TASK> Copy out the lines of the records below, and only those lines, from the one with "Running Tiger Wildlife" through the one with "Ak Glückwunsch Ostern, Hase, Osterei, Blumenvase", exactly as they appear.

RECORDS SHOWN>

# # # # #

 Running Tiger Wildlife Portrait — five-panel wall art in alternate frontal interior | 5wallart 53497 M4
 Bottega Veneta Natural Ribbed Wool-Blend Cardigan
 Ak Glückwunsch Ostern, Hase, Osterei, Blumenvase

# # # # #

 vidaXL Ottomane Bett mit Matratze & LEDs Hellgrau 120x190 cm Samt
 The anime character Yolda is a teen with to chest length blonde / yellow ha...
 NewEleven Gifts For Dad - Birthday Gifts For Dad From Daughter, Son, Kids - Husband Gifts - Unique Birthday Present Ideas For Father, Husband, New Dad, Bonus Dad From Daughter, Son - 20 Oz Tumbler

# # # # #

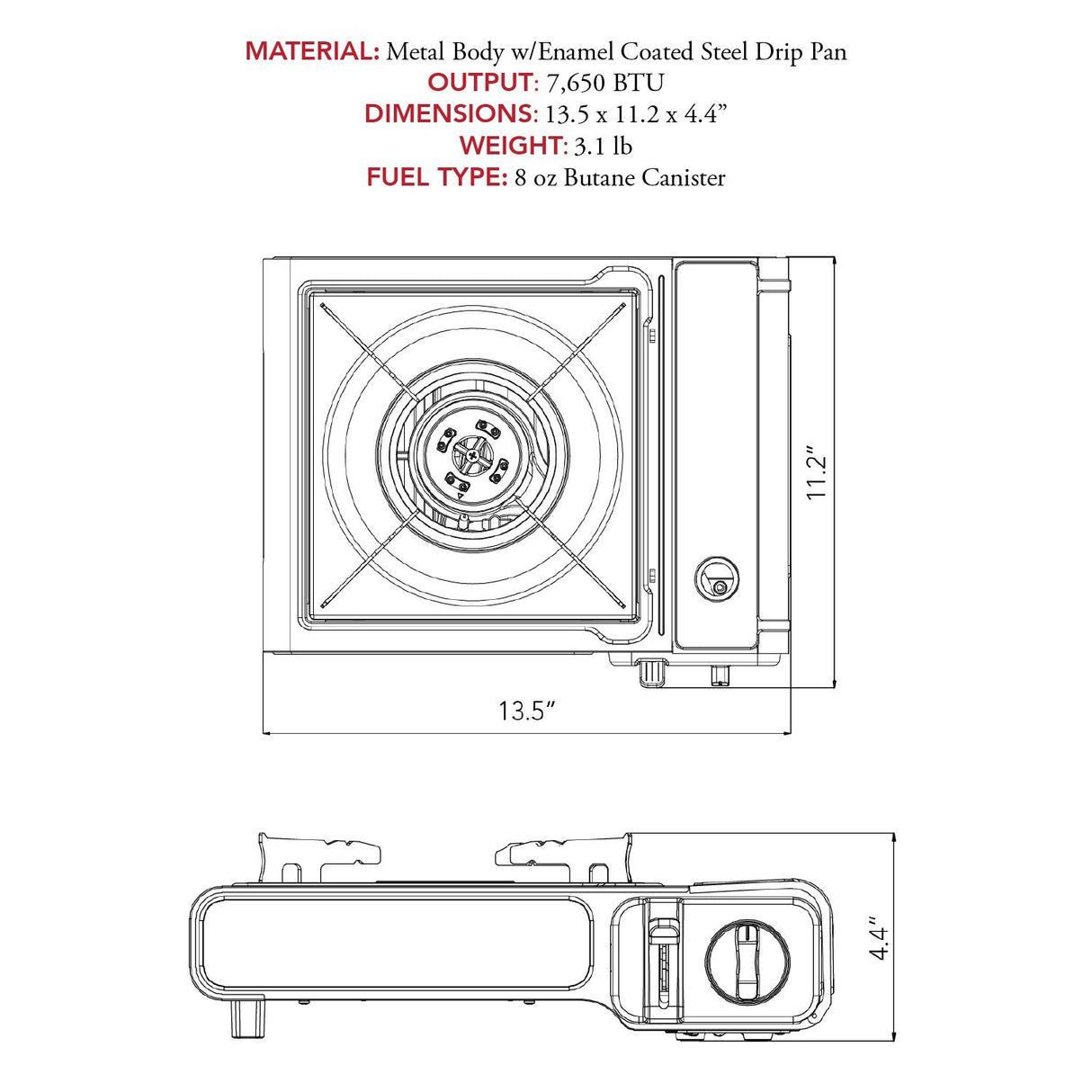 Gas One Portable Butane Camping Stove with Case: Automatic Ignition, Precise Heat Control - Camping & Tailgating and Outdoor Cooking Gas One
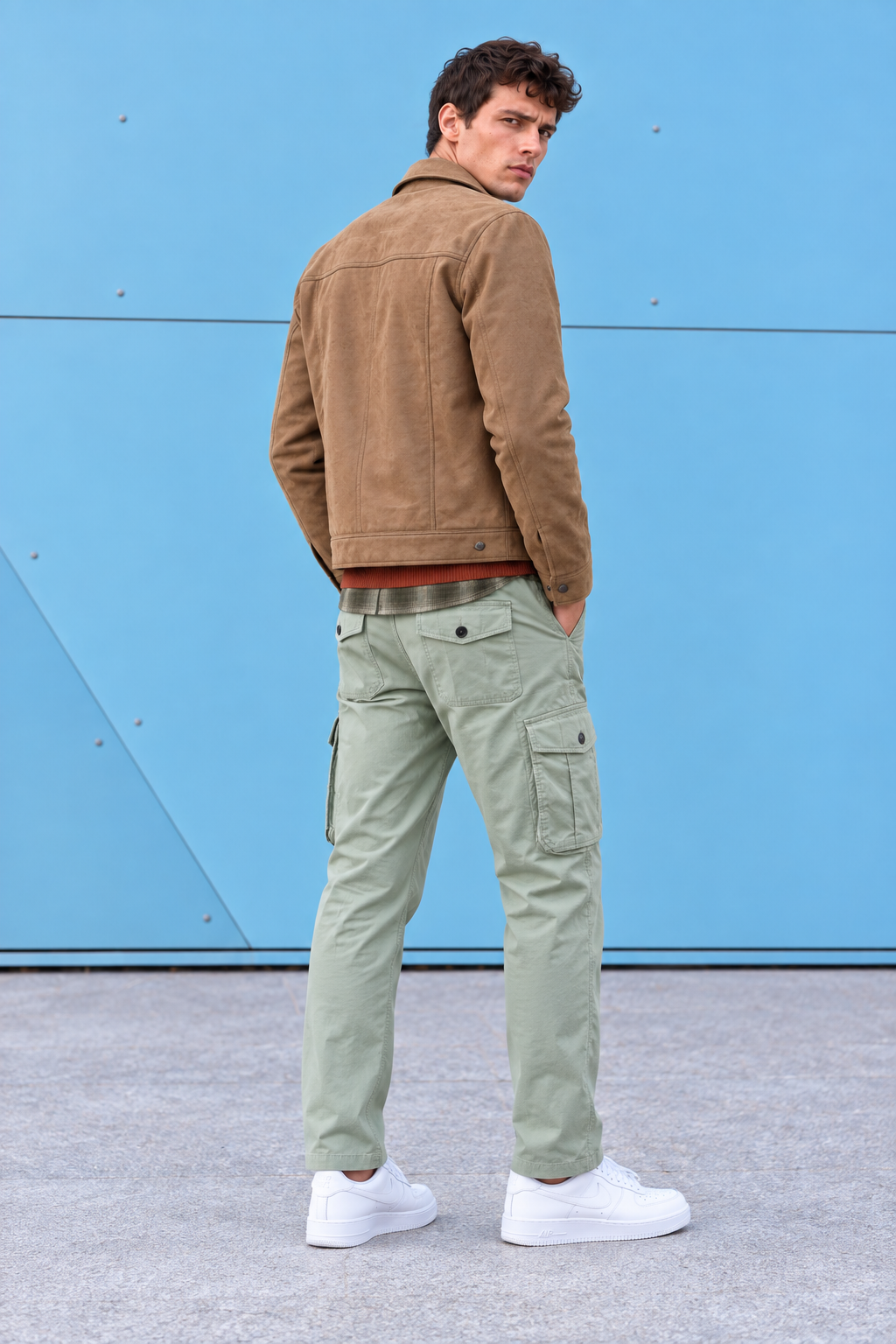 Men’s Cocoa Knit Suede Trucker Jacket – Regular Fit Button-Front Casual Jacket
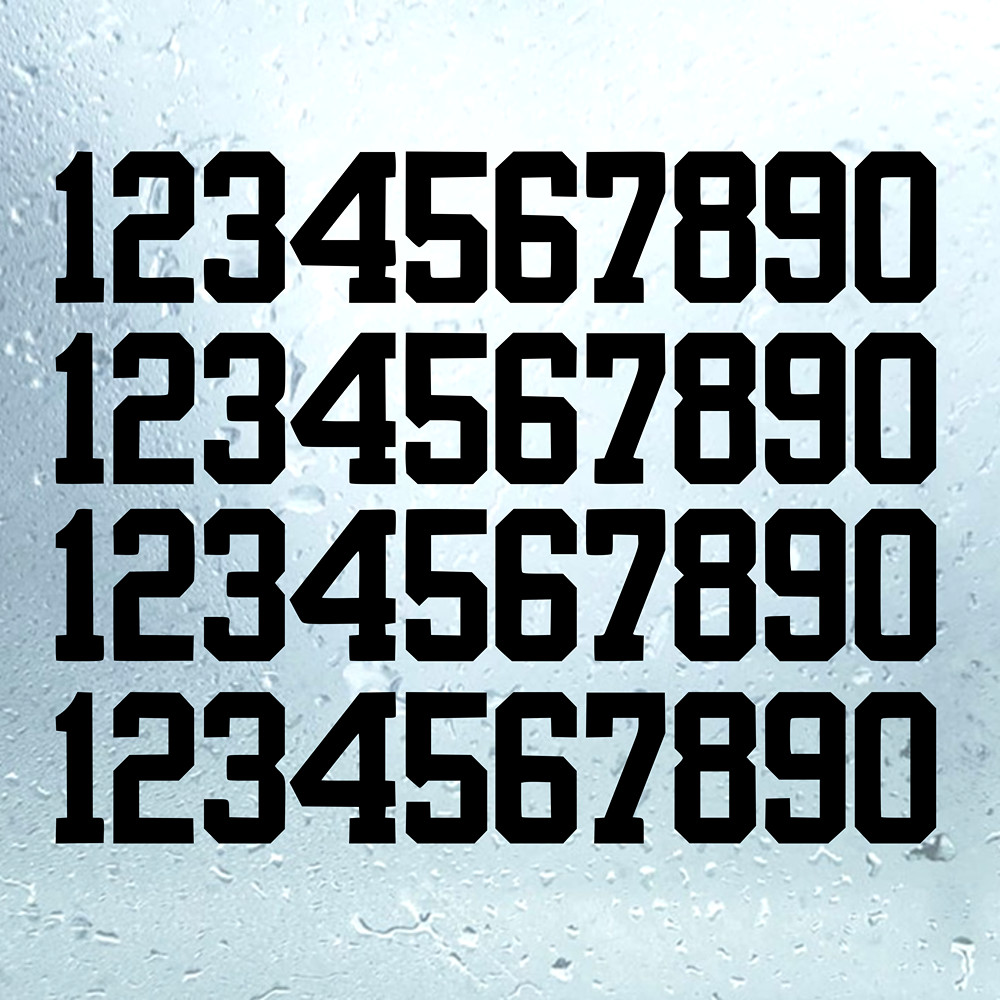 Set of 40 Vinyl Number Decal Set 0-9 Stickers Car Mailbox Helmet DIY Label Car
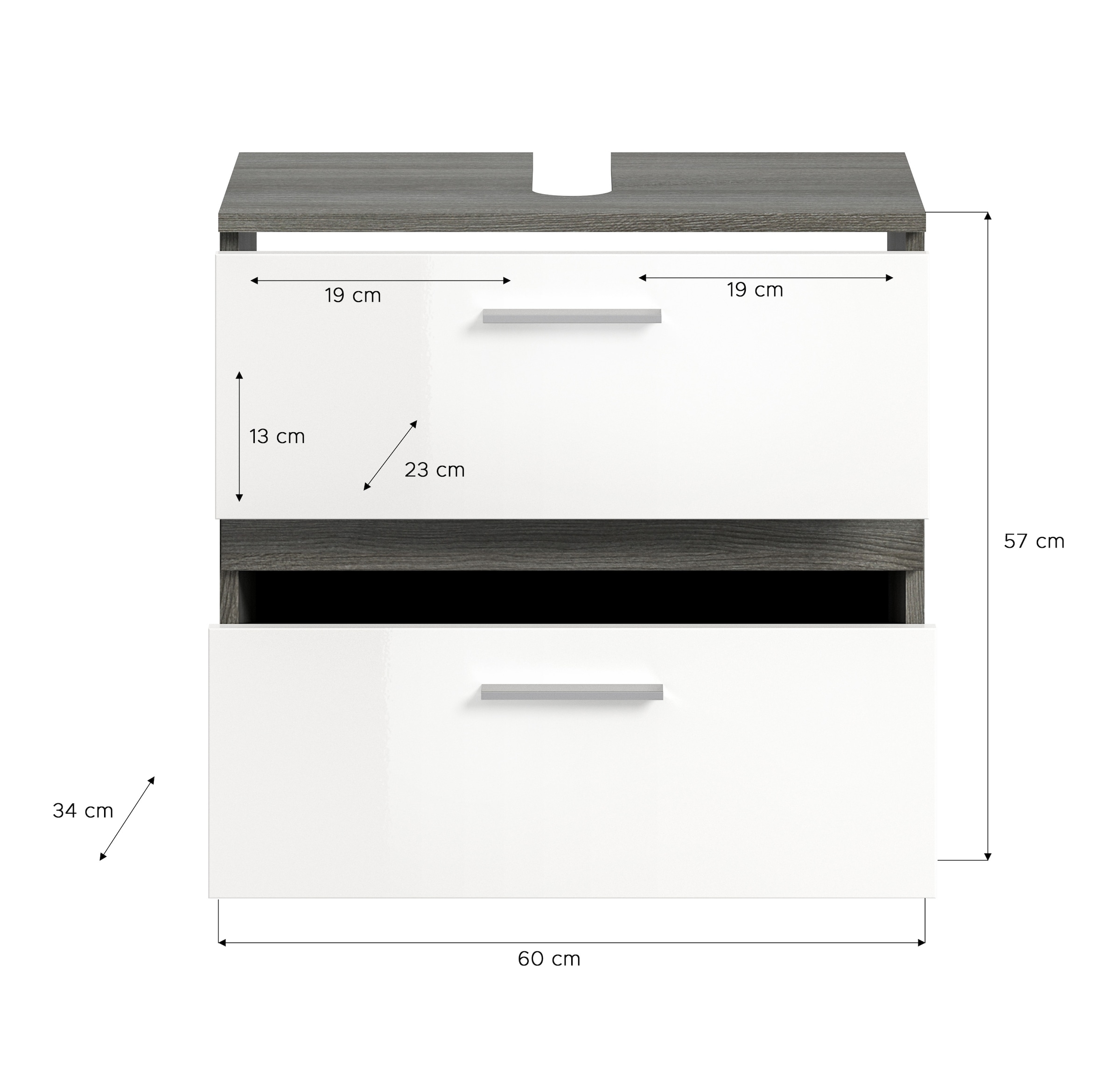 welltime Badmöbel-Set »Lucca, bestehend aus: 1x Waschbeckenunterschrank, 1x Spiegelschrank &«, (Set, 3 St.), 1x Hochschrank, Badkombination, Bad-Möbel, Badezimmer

# # # # #

RESPONSE>
 Running Tiger Wildlife Portrait — five-panel wall art in alternate frontal interior | 5wallart 53497 M4
 Bottega Veneta Natural Ribbed Wool-Blend Cardigan
 Ak Glückwunsch Ostern, Hase, Osterei, Blumenvase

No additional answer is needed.